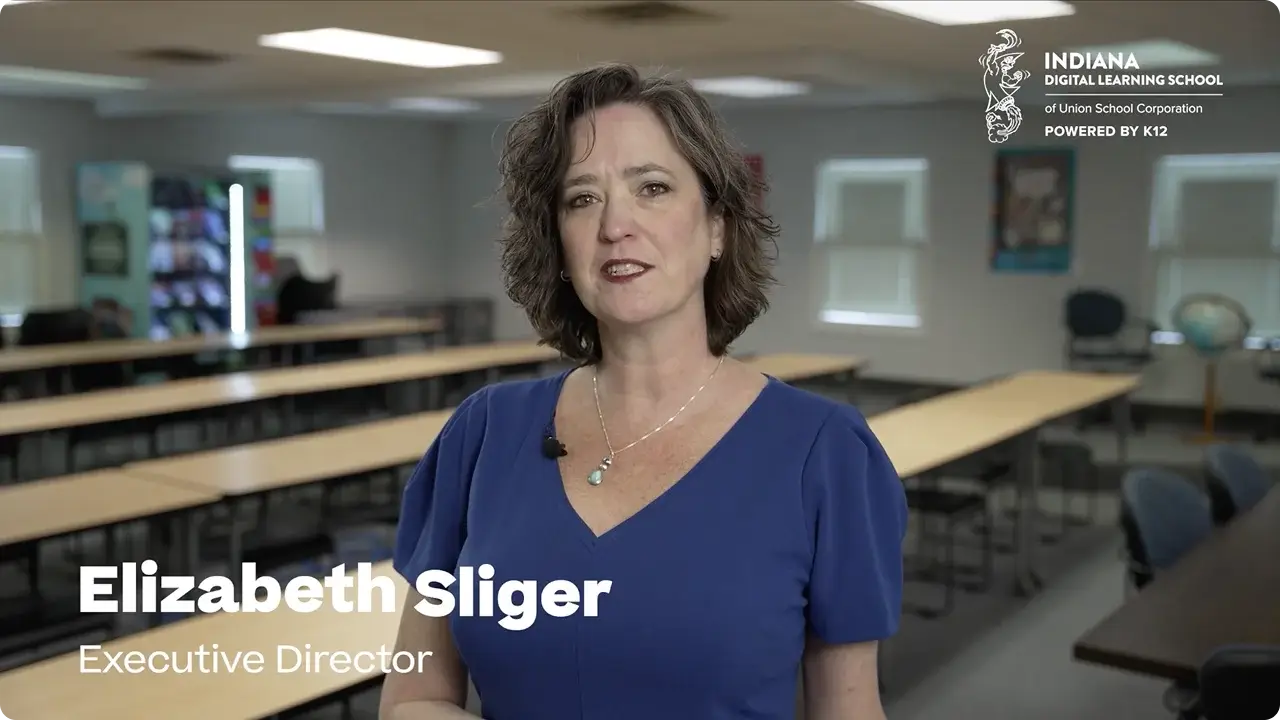 Elizabeth Sliger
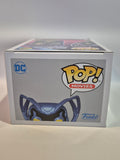 Blue Beetle - Blue Beetle (1408)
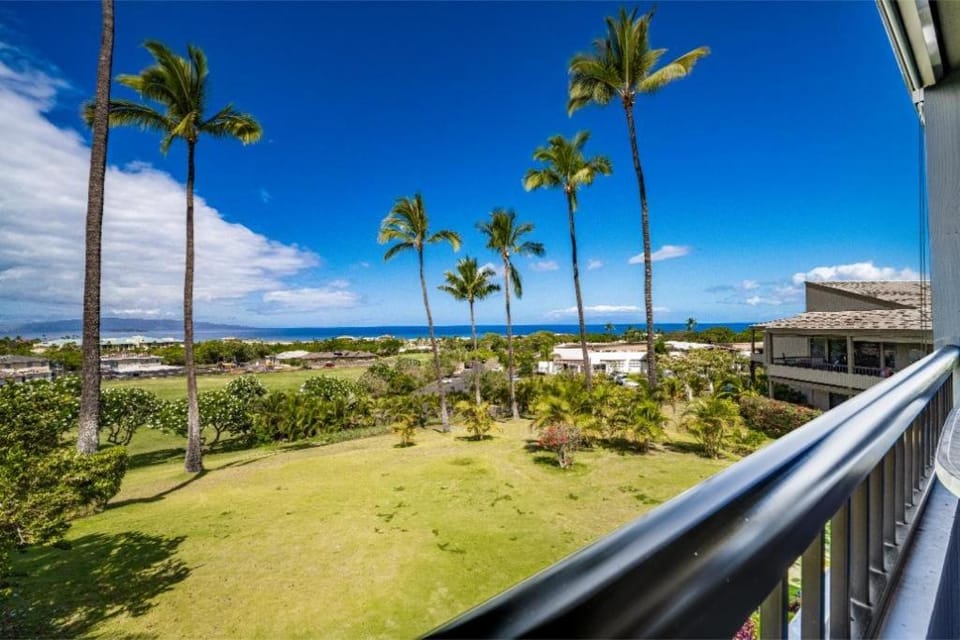 WAILEA EKOLU, #312 Apartment in Wailea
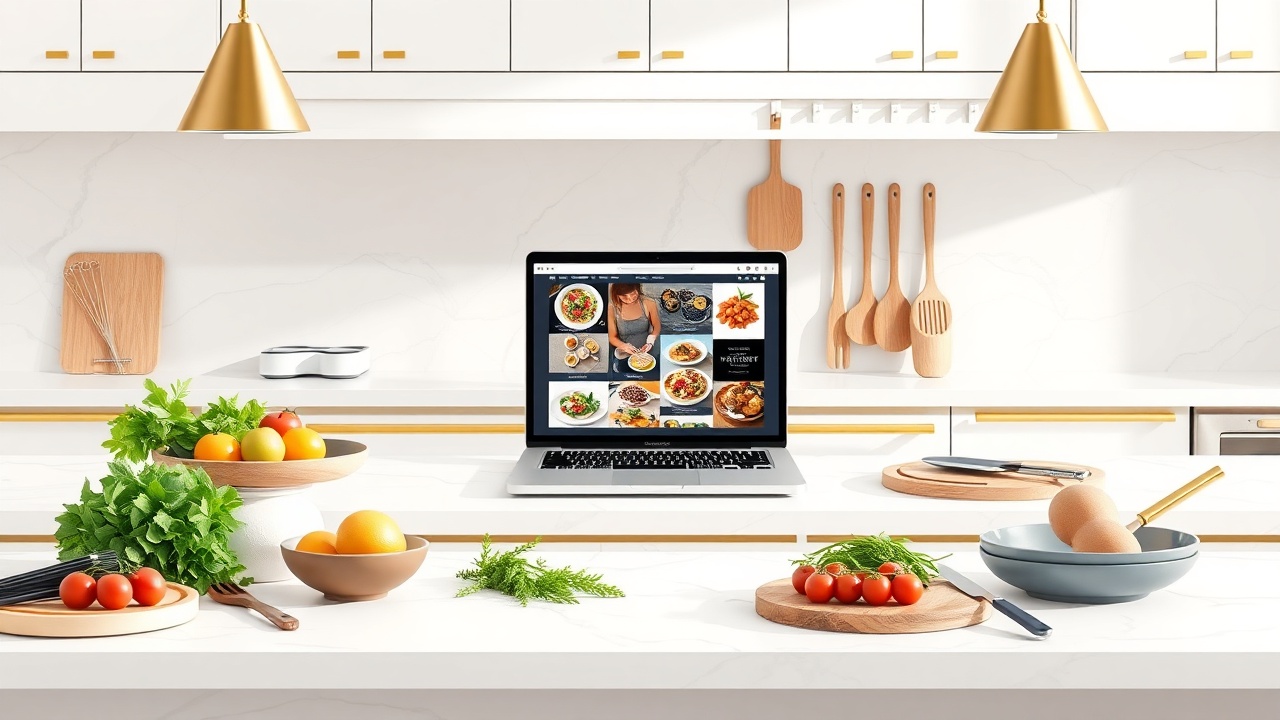 How to Make Money Food Blogging in 2026 (Real Guide)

Task requirements
Omit the pictures and repeat the rest of the listing verbatim.

Solved exercise
 Elizabeth Sliger
 Blue Beetle - Blue Beetle (1408)
 WAILEA EKOLU, #312 Apartment in Wailea
 How to Make Money Food Blogging in 2026 (Real Guide)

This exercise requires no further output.